The attitude of Sir Alfred Milner in this and other questions is, however, of such a nature that it is better to say nothing about his conduct, but to leave him to the judgment of public opinion and history. No agreement being possible between the parties, President Kruger left Bloemfontein and amended the Franchise Law in such a way that the Orange Free State, the Africanders of Cape Colony, and even Mr. Schreiner, Premier of the Cape Colony, publicly signified their approval of the amendments which had been made.

[Sidenote: The joint Commission of Enquiry.]

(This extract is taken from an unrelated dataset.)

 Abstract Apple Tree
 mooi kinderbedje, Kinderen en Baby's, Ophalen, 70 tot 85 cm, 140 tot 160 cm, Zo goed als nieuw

Mr. Chamberlain now discarded the appearance of friendliness, and began to adopt a menacing tone in his communications to the Government of the South African Republic. He proposed that the question as to whether the new Franchise Law was satisfactory or not should be discussed by a Joint Commission.

In the meanwhile, owing to informal conversations between the State Attorney and the British Government, there seemed to be a reasonable prospect of a speedy and satisfactory settlement.[51] The British Government, on being sounded by its agent, announced that if a five years' franchise, unhampered by complicated conditions, and with a quarter representation for the gold fields, were conceded, it would be prepared to consider the conditions, upon which the proposal depended, on their merits, and would not consider such a proposal as a refusal to accept the Joint Enquiry. The conditions were that (_a_) no further interference should take place; (_b_), that the claim of suzerainty should drop; and (_c_) that further disputes should be settled by Arbitration. As soon, however, as the proposal was formally made the British Government refused to accept the condition with regard to the dropping of the suzerainty claim, notwithstanding the fact that the High Commissioner had declared in an official dispatch that the suzerainty controversy appeared to him to be etymological and not political.[52] Shortly afterwards the British Government made what was practically the same proposal, but _without_ the condition as to the dropping of the suzerainty claim.

[Sidenote: Bad faith of the British Government.]

As the Government of the South African Republic attached a vital importance to this condition, in view maintaining its international status, it refused to accept the proposal in this form; it, however, now reverted to the invitation for a joint enquiry, which it agreed to accept, but the British Government replied that it was too late, and that as a matter of fact it no longer adhered to the invitation.

Here we see in the clearest light--

(1). That, although the High Commissioner had stated that the suzerainty was only a question of etymological importance, that although the British Government had never been able to refute the arguments advanced by the South African Republic as to the abolition of the suzerainty in 1884, the British Government was nevertheless determined not to abandon its pretension, and is now prepared to make war in South Africa over this point.

(2). That the British Government invites the South African Republic to a joint enquiry, and, when this invitation, which had never been withdrawn, is accepted, the acceptance is refused with every mark of contempt.

Is there any instance in the history of civilised diplomacy of such trickery and such callous jugglery with the highest interests of South Africa?

Can anyone wonder that South Africa has lost all confidence in British statesmanship?

The British name has been sullied in this part of the world by many perfidious actions, but of a truth I cannot instance any more despicable and repellent incidents than those which have marked the course of events during the last few months.

And the consequence of this trickery will be written with the blood and the tears of thousands of innocent people.

FOOTNOTES:

[Footnote 33: Dispatches of 12th August, 1896; 21st August, 1896; 17th February, 1897. C. 8423 and C. 8721.]